--- START ---

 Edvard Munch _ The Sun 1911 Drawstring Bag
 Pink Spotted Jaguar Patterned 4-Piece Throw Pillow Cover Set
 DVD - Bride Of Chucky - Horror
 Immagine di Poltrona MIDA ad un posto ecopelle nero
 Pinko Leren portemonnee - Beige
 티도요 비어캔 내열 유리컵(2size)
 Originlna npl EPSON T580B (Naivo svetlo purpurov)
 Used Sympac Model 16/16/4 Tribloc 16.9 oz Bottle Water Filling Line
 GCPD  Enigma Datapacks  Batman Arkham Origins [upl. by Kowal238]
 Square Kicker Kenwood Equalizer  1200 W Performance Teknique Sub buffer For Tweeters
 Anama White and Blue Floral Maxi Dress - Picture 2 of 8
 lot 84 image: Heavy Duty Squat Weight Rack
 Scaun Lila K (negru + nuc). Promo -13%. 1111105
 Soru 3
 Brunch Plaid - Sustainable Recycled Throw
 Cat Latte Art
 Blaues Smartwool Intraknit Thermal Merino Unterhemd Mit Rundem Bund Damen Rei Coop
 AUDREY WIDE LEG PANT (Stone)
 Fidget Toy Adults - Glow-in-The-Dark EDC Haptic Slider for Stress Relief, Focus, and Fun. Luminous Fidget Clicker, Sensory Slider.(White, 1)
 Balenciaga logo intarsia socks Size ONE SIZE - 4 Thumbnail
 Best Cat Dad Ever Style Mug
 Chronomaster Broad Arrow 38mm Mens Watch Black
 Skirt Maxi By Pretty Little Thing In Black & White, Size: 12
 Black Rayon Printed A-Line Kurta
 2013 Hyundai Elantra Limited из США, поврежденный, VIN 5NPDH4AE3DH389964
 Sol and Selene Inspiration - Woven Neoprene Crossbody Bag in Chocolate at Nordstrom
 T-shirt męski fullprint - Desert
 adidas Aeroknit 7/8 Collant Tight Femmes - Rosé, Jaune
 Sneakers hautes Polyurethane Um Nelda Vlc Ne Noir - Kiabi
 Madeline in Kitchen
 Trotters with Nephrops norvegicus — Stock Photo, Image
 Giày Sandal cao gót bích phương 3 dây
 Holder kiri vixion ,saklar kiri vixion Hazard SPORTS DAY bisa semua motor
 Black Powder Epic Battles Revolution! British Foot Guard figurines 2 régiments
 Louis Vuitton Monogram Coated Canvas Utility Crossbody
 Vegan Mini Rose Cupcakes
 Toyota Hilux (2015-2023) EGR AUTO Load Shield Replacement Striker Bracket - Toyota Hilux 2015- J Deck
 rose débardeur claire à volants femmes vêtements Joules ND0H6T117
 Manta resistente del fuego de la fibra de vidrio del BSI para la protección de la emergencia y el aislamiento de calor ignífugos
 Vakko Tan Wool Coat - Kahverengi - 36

--- END ---

In the data above, retype exactly and only the lines between the one holding "AUDREY WIDE LEG PANT (Stone)" and the one holding "Chronomaster Broad Arrow", inclusive.

> [RESPONSE BELOW]
 AUDREY WIDE LEG PANT (Stone)
 Fidget Toy Adults - Glow-in-The-Dark EDC Haptic Slider for Stress Relief, Focus, and Fun. Luminous Fidget Clicker, Sensory Slider.(White, 1)
 Balenciaga logo intarsia socks Size ONE SIZE - 4 Thumbnail
 Best Cat Dad Ever Style Mug
 Chronomaster Broad Arrow 38mm Mens Watch Black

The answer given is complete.